Sweeney spoke at the University of New Hampshire as part of a conference on the future of regulated sports betting and the role of state lotteries in the burgeoning industry. On a panel that also featured Sen. Brendan Crighton, Rep. Daniel Cullinane and Mass. Gaming Commissioner Gayle Cameron, Sweeney proposed a few ways that online operators -- whether it be companies like DraftKings or FanDuel or casinos like MGM Springfield -- could promote the Lottery online.

Gaming companies could share email addresses of customers with the Lottery for promotional purposes, he said, and the Lottery would like to have access to data analytics from online gaming platforms. When Lottery jackpots swell to a certain size, Sweeney suggested, betting apps could notify their players with push alerts or pop-ups of another chance to win. 

"That's the requirement that the state placed on casinos in a physical location, and again I think it would be fair if we're doing a mobile application to have similar requirements apply in the cyberspace world as we do in the physical world," he said.

Crighton, vice chair of the committee expected to vet sports betting bills this session, said the sports betting bill he's filed (S 201) would not put the Lottery in charge of wagers, but said he thought about making the Lottery part of his legislation. He said his committee could pursue "the track to providing iLottery as well as cashless Lottery, give them those assets and really help them grow that way."

"Obviously, we depend greatly on the revenue that comes from the Lottery, we don't want sports betting at all to make a dent into that," he said. "I certainly think you'll see some energy from the Legislature to pursue both of these at the same time." 

For several years, Treasurer Deborah Goldberg has been pitching the Legislature on the idea of allowing the Lottery to sell its existing products over the internet, arguing that it cannot continue to generate nearly $1 billion a year for local aid unless it is allowed to compete with daily fantasy sports and other online gaming for new and younger customers who prefer to do things online and on mobile devices.

The Legislature has been cool to the treasurer's plans, even as she warns that Lottery profits will remain stagnant next fiscal year if there is no expansion. Now, about a dozen bills pending before the Legislature would open a new frontier for gambling. 

"If sports betting is available online, the Lottery must be available online also," Goldberg said earlier this year. "That's the issue moving forward."
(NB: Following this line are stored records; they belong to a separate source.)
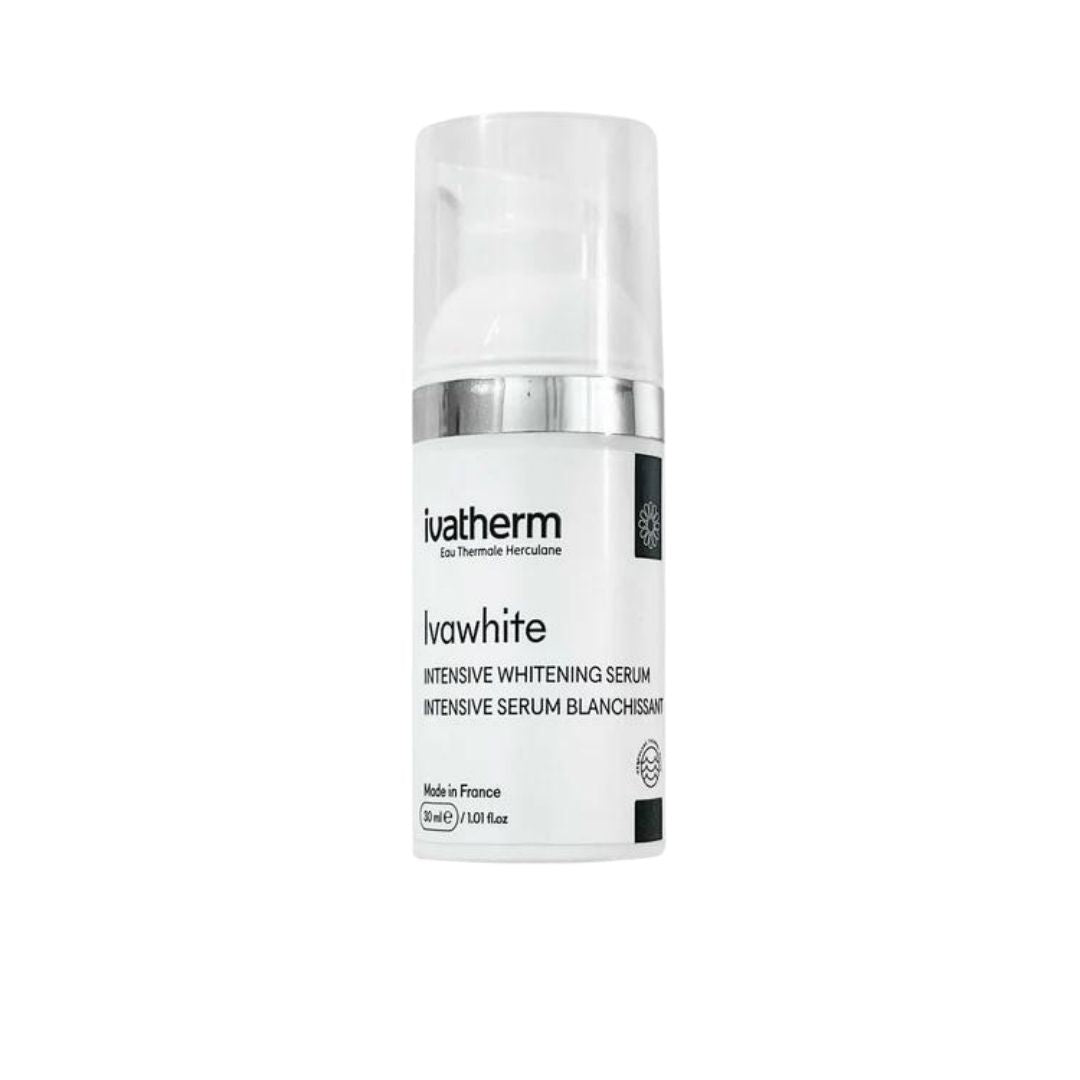 Ivatherm Ivawhite Intensive Whitening Serum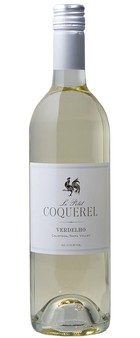 Coquerel Family Wine Estates | Verdelho '13 1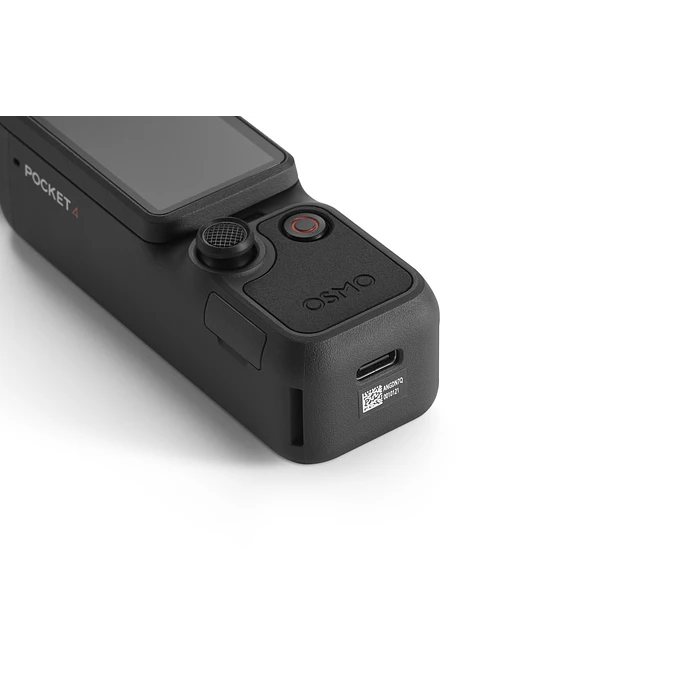 DJI OSMO POCKET 4 CREATOR COMBO 7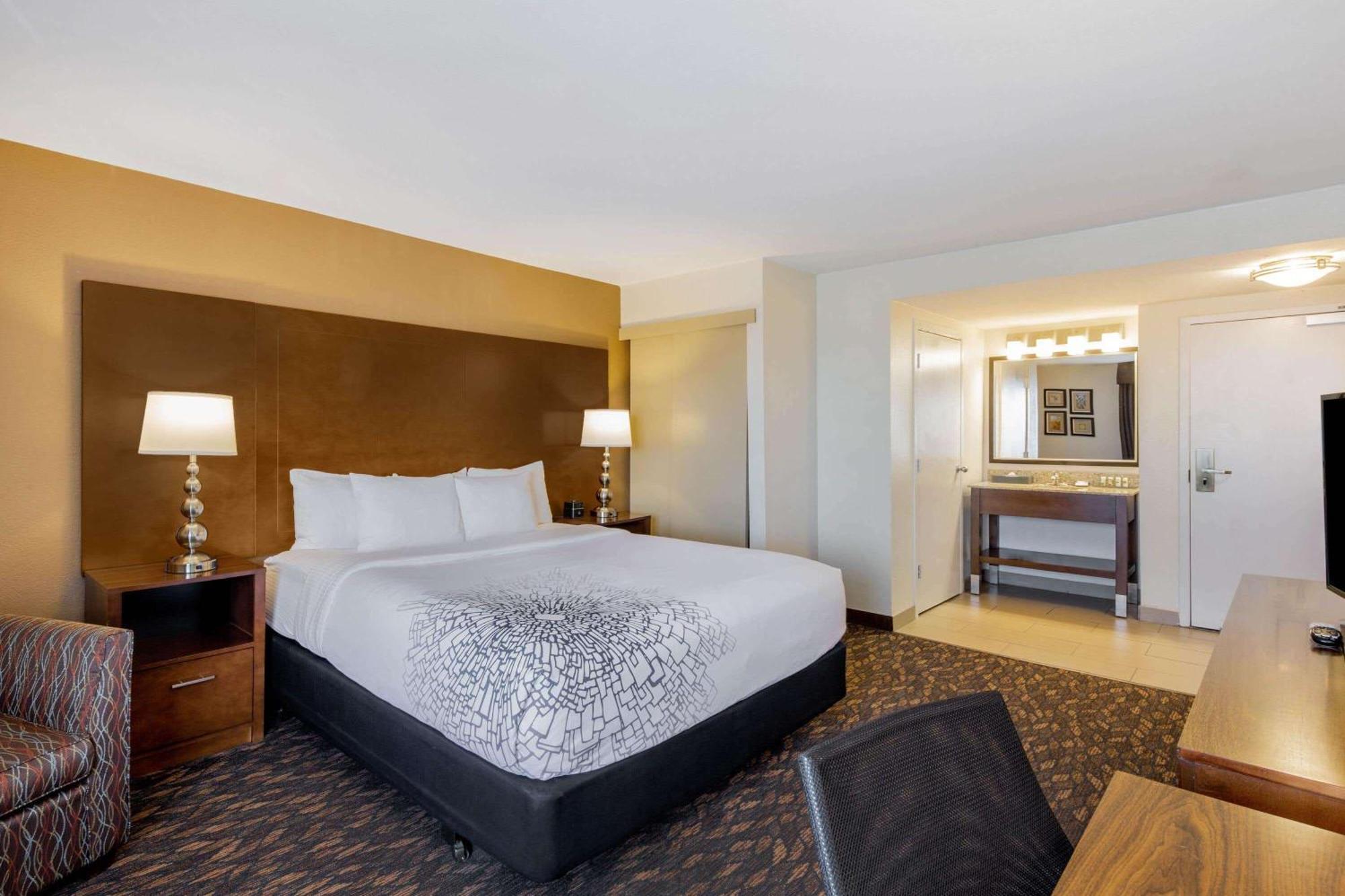 La Quinta By Wyndham Oakland - Hayward Hotel Kültér fotó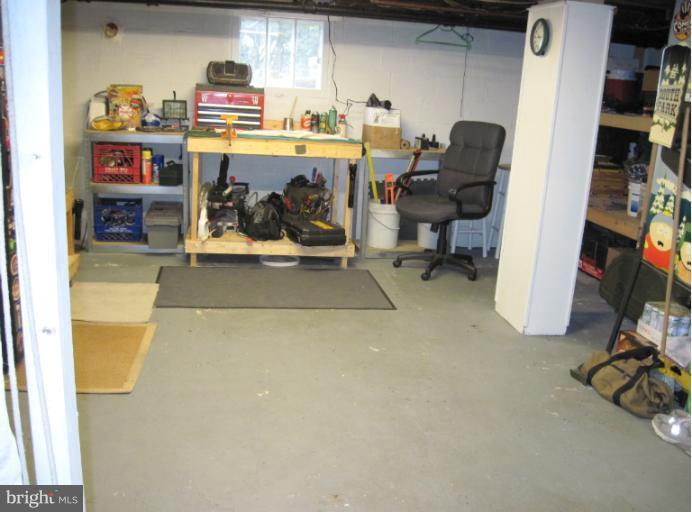 501 South Hammonds Ferry Road Linthicum Heights, MD 21090 - Photo 23 of 30 a view of a workspace with furniture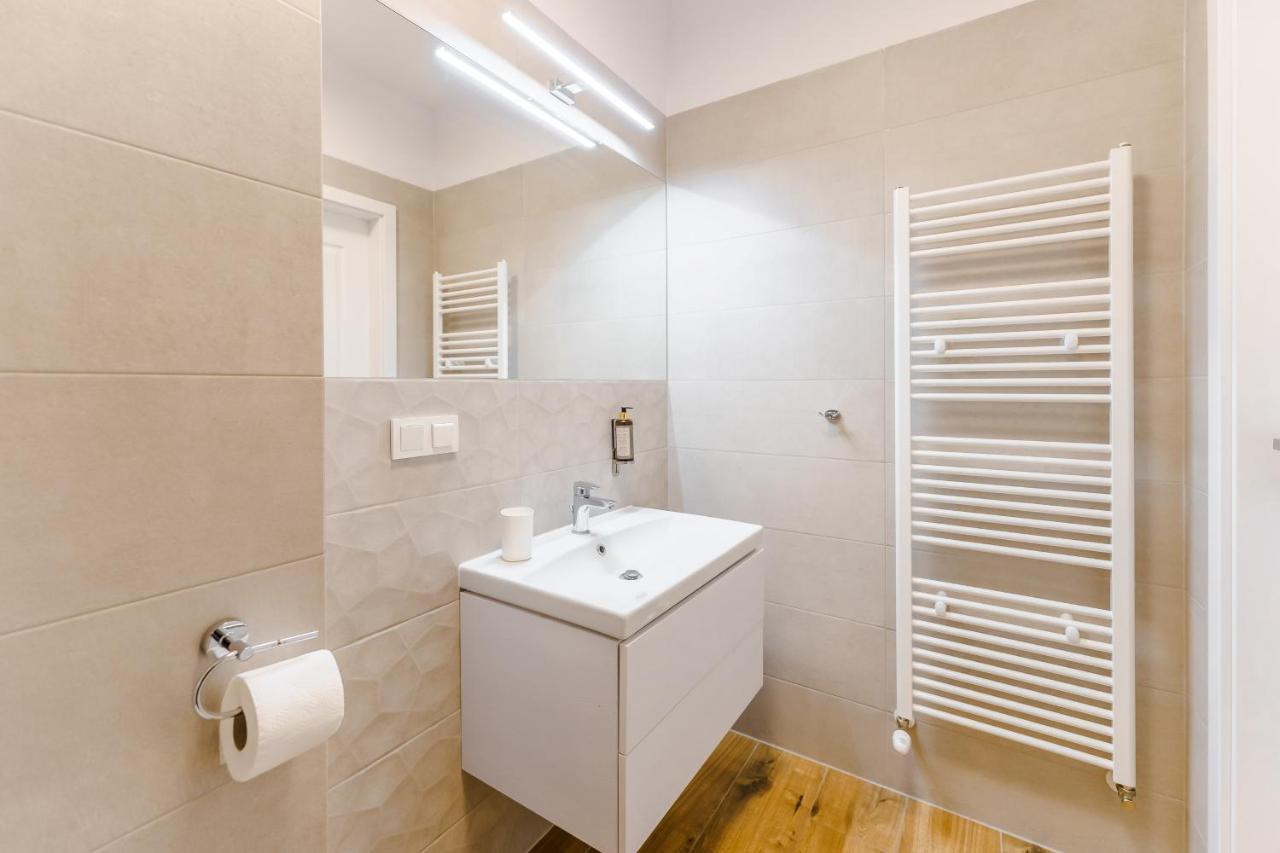 Komfortowe Apartamenty Kolobrzegu Exterior foto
Sweeney also said this week that it "is really critical" that any law allowing sports betting include provisions similar to those in the casino gaming law that require funding for responsible gaming initiatives and gaming-related law enforcement efforts. And as is the case for Lottery prizes, he said the state should check whether anyone who wins a bet on a sporting event has outstanding child support or other payment due before they are given their winnings.

"I think that's an added benefit that sports betting also potentially adds, sweeping those other types of delinquent accounts that otherwise would not get addressed," he said. 

Whatever the legislation looks like if and when Massachusetts passes legalized sports betting, Sweeney said he thinks the state should take the opportunity to address the rest of the gaming world in a holistic way to make sure state law and regulations make sense across various gaming forms and platforms. 

"For me, it's an opportunity perhaps to examine both issues, to get the right language, integrity, transparency and responsible gambling aspects right across a very significant platform and work in cooperation between the Gaming Commission, the Lottery and the state Legislature, to really perhaps iron out the wrinkles better than any other state has to date in the country," he said in New Hampshire. 

Back on Beacon Hill, Cullinane said there is a lot of interest and activity among lawmakers around the various sports betting proposals on the table.

"It's a very fluid conversation right now as everyone is doing their due diligence," he said.